В круговороте разрушений: что не так с реформами села в России?

Социолог Александр Никулин — о книге «Хождение по руинам».
Куньинский район Псковской области. 
Фото: loscuadernosdejulia


Книга очерков публициста Михаила Румер-Зараева показывает, что в последние тридцать лет сельские реформы в России устроены как дурная бесконечность: каждый новый виток приносит новые разрушения. О механике этих процессов и возможных способах разорвать опостылевший сценарий рассказывает директор Центра аграрных исследований РАНХиГС Александр Никулин.


Михаил Румер-Зараев. Хождение по руинам: портреты трех сельских районов на фоне новейшей истории.

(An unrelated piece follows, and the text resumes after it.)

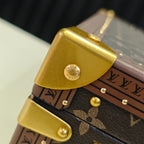 Louis Vuitton monogram trunk bag corner hinge with gold metal cap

М.; СПб.: Нестор-История, 2020.


Содержание


Это последняя книга журналиста Михаила Румер-Зараева (1936—2020) — автора многочисленных публикаций о провинциальной России в таких известных с советских времен изданиях как «Дружба народов», «Звезда», «Знамя», «Огонек», «Сельская жизнь».


В предисловии Румер-Зараев со скромной гордостью относит себя к цеху работников сельской публицистики, а начальником этого своеобразного цеха называет старшего коллегу — одного из ярких прорабов перестройки Юрия Черниченко, посвящая свою книгу его памяти. При этом автор сетует, что с развалом СССР традиция прозы и публицистики писателей-деревенщиков и журналистов-аграрников, которая пользовалась у советских читателей вниманием и авторитетом, как-то сама собой стала исчезать, уходить в прошлое. В постсоветской России, по мнению Румер-Зараева, функцию литераторов-деревенщиков отчасти взяли на себя сельские социологи, антропологи и географы, которые продолжают в своих полевых исследованиях описание и анализ повседневной жизни российского села.

Книга Румер-Зараева состоит из четырех глав-очерков, каждая из которых в свою очередь разделяется на короткие (от полстраницы до нескольких страниц) подглавки с собственными названиями. Первые три очерка посвящены трем сельским районам — Любимскому району Ярославской области, Шигонскому району Самарской области и Куньинскому району Псковской области. Четвертая глава обобщает экономические сюжеты предыдущих. Журналист с советских времен неоднократно бывал именно в этих районах, писал о них, да и в постсоветское время у него была возможность с периодичностью в несколько лет туда возвращаться. Публицистические наблюдения за локальными трансформациями сельской жизни искусно смонтированы в виде своеобразных репортажей-хроник от 1980-х до 2010-х.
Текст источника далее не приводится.